Starlink will have trouble with tunnels and crowded downtown skyscraper areas, etc, similar to satellite TV/radio/etc. Starlink also will have some limit to the number of subscribers it can handle per square mile (or whatever area metric you prefer) without bandwidth starvation (similar to terrestrial cellular networks). So if Tesla uses Starlink in the future, it is likely Tesla would still include a LTE/GSM/whatever cellular service as a backup when Starlink is unavailable and/or underperforming for a given location.
With a clear view of the sky, and not in a crowded (in terms of Starlink subscriber) area, Starlink would provide high bandwidth, low latency (the planned LEO and VLEO constellations will in some cases have better latency than terrestrial options) coverage, and likely do so at a highly competitive rate, even without having to give Tesla special pricing.
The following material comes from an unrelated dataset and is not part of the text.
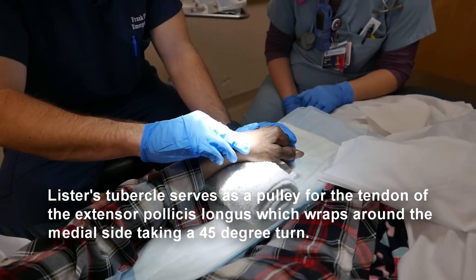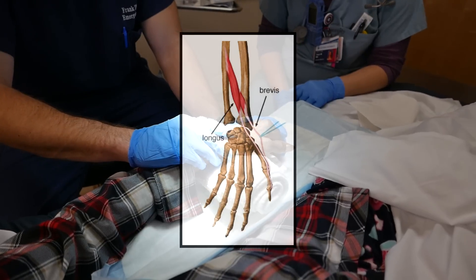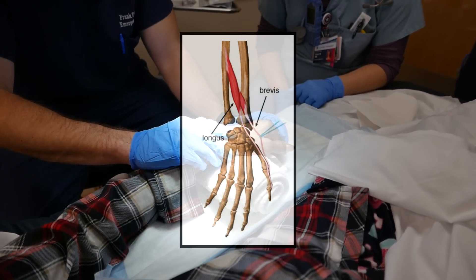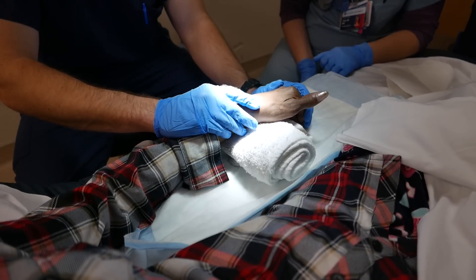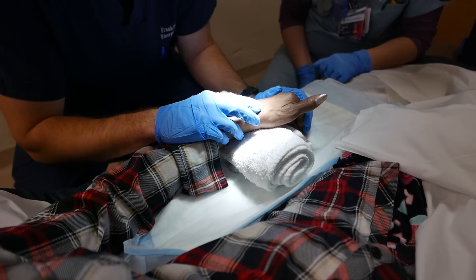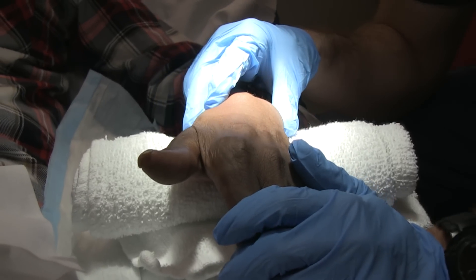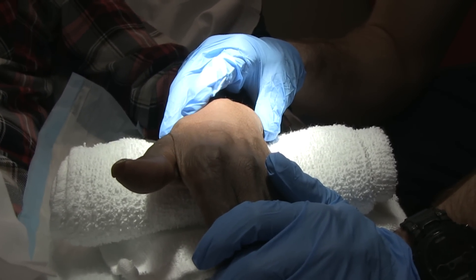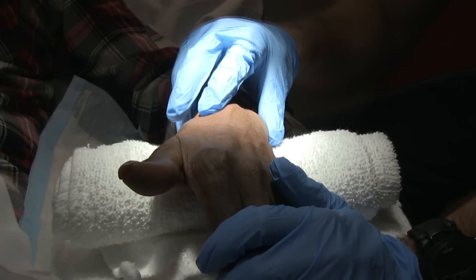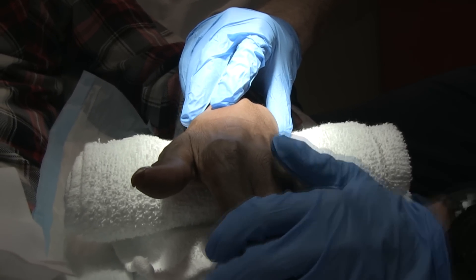Right through Lister's tubercle runs EPL, which I can feel very well. If she extends — can you give me a thumbs up, ma'am? — I can feel EPL moving. If I pull back the skin you can see it tracking right there. So you're just going to go on the ulnar side of the extensor pollicis longus. I'm feeling EPL right here, and now I'm moving ulnarly to where I find the joint space has opened up nicely from the ulnar deviation and flexion.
After all, typical cellular data service is usually some combination of limited bandwidth, limited data quota, or "unlimited" with scare quotes in which it eventually goes from fast to slow depending on your usage. But all these pricing schemes are just to extract more money from subscribers, none of the options guarantee a minimum speed (at most a maximum speed), so it would be more honest to have a flat rate. If Starlink doesn't participate in the pricing shenanigans, it could be cheaper just by being more honest.